William D. Cohan has one explanation:
Wall Street's Great Scapegoat Hunt
By William D. Cohan - Bloomberg
Wall Street has increasingly taken up its old habit of blaming junior bankers and traders for what goes wrong.
This is particularly troubling because Wall Street is similar to the military: There is no upside for anyone working in finance to do anything but to follow the orders given by the bosses. The idea of a “rogue trader” is really a myth. The goal at every firm is always to make more money in any way that is legally defensible -- by selling more mortgage-backed securities, by doing bigger and bigger mergers-and-acquisition deals or by making a larger and larger bet on the direction of an obscure debt index.

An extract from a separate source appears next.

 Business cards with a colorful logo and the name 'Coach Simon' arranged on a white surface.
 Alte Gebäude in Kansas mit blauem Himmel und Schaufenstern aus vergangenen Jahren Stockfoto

When things go well -- the firm lands a big underwriting or a high-profile merger or executes a profitable trade -- there is no shortage of people around to claim credit. Of course, when something goes terribly wrong -- see “Whale, London” or “Synthetic CDO, Abacus” -- the senior executives disappear from the scene faster than cockroaches when the light is turned on. In return, employees get paid more working on Wall Street -- without putting any personal capital at risk -- than they can at almost any other job on the planet. This is not a subject open to debate on Wall Street. This is the way it is. If you don’t like that bargain, you leave. (Sorry, Greg Smith.)